There’s a saying many of us have heard, most likely from a line in a movie when two notorious people are first introduced, “Your reputation precedes you.” While in those cases it refers to personal reputation, the same sentiment applies in business: Your reputation is your brand. And when you’re in sales, you certainly hope the reputation that precedes your initial contact with a prospect is positive, predisposing that potential customer to be amenable to a conversation.

Brand development and marketing are essential in today’s sales environment, where OEM and B2B buyers research products and companies online before proactively reaching out to a sales contact. The proliferation of online content has shifted buying-cycle dynamics, placing greater power in the hands of customers and prospects. Without a solid brand and reputation, it’s difficult, if not impossible, to be in the zone of consideration when buyers are actively researching and evaluating products and services. A WARC study, The Multiplier Effect 2025, highlighted the importance of existing brand awareness and its impact on the ultimate purchasing decisions of B2B buyers.
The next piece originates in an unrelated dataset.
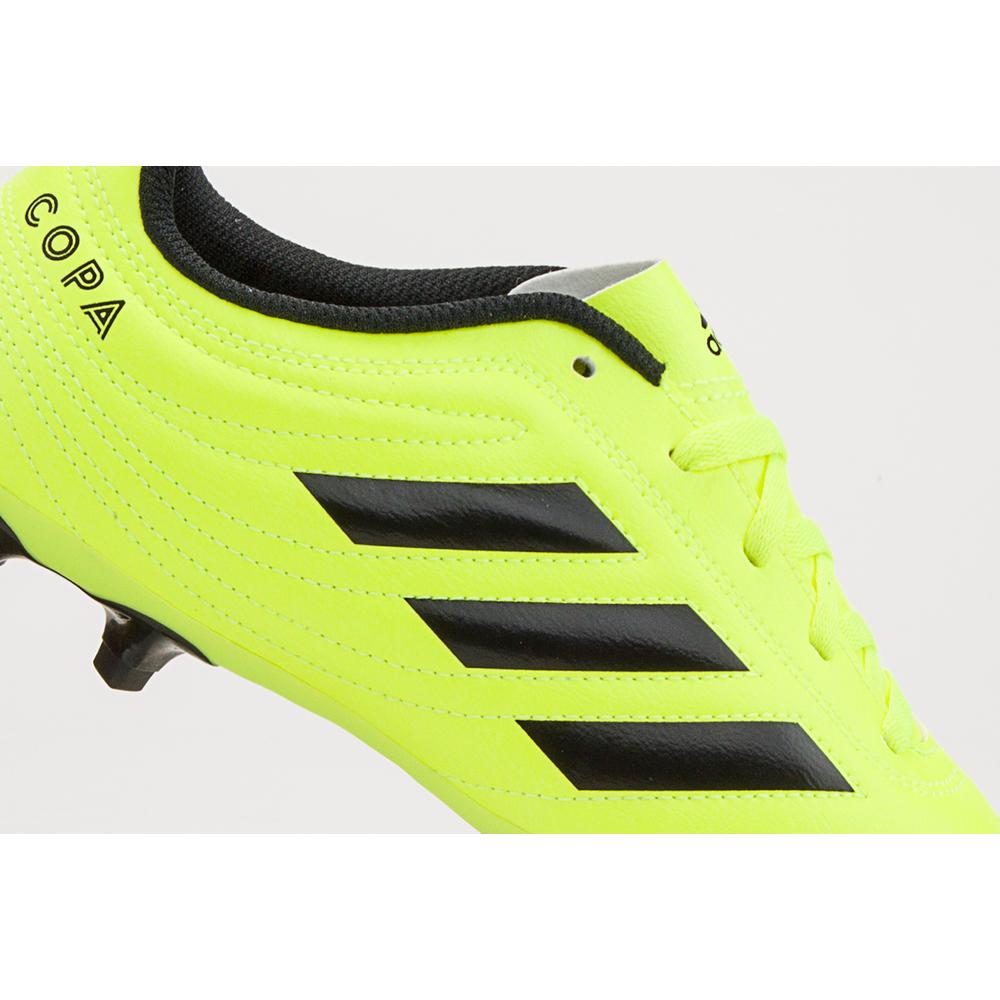 ADIDAS COPA 19.4 FG > F35461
Leveraging Emotion and Logic To Get to “Yes” 

 

The sales process is challenging enough on its own. It’s even more difficult if you don’t have a strong brand to open doors and marketing programs that can support preselling efforts and accelerate an already long sales cycle. To support sales by expediting the process and driving conversion, you need to leverage both components of branding: emotional and rational. These two elements also align with how most buyers make a final decision about whom they will work with: Do they like and trust the company and the salesperson, and does the product or service deliver the functional benefits, specifications and outcomes they are looking for? Most of the time, you need a “yes” to both questions to win the day.  

Marketing and marketing communications can help buyers say “yes” through a variety of strategies, primarily by using data in storytelling. Being congenial, empathetic, a good listener, competent and ethical are certainly important for forming an emotional connection and initiating a relationship. Eventually, credibility, trust and proof of performance are required to further solidify a long-term customer relationship. In a B2B environment, the emotional connection alone is insufficient to complete a transaction. Proof of performance is key in a more technical buying atmosphere, and this is where strategically using data comes into play. 

Data as a Differentiator

 

At Crafted, we understand that OEMs and B2B enterprises face distinct challenges when developing go-to-market strategies, especially when selling into highly specialized markets. While consumer brands can focus on broad awareness and emotional appeal, B2B companies must adapt to diverse sales and marketing environments that also account for technical credibility, collaborative relationships across the value chain, multiple decision-makers and buying groups, and longer sales cycles. Buyer behavior has evolved and continues to shift, mainly driven by the ubiquity of the internet and the nearly instant availability of vast amounts of information. This shift has created a digital-first, data-driven buyer journey, with the added expectation of proof before commitment. 

A Formula for Success

 

In OEM and B2B landscapes, products must meet exacting standards set by buyers who demand proven reliability and long-term support. Closely aligning marketing with engineering, sales and product teams can create and deliver messaging that resonates with highly informed buyers. Combined, these factors mandate an exceptionally well thought-out and precisely formulated marketing plan that addresses buyer diversity, brand recognition, trust, the need for highly customized and consistent messaging, and technical education and distributor support. This plan consequently requires moving from one-off, opportunistic marketing efforts to more holistic, centralized and prescriptive strategic execution driven by data, measurable by performance and quickly adaptable based on actionable, real-time learning. 

Creating Content That Converts

 

This data becomes the fuel powering a revenue-generating marketing engine and supporting the development of content that converts. Achieving this requires examining every potential data source within an organization, ranging from online customer portals, net promoter score (NPS) surveys, sales enablement platforms, and service scheduling tools to VAR and distributor management platforms, social media contacts, primary market research, and more. That’s the intelligence we need to power data-driven marketing, enabling advanced segmentation, personalization, intent identification, buyer journey mapping and pain-point discovery.  The result is a full-funnel marketing strategy that equips sales teams to engage buyers effectively at every stage of the journey — especially the decision stage.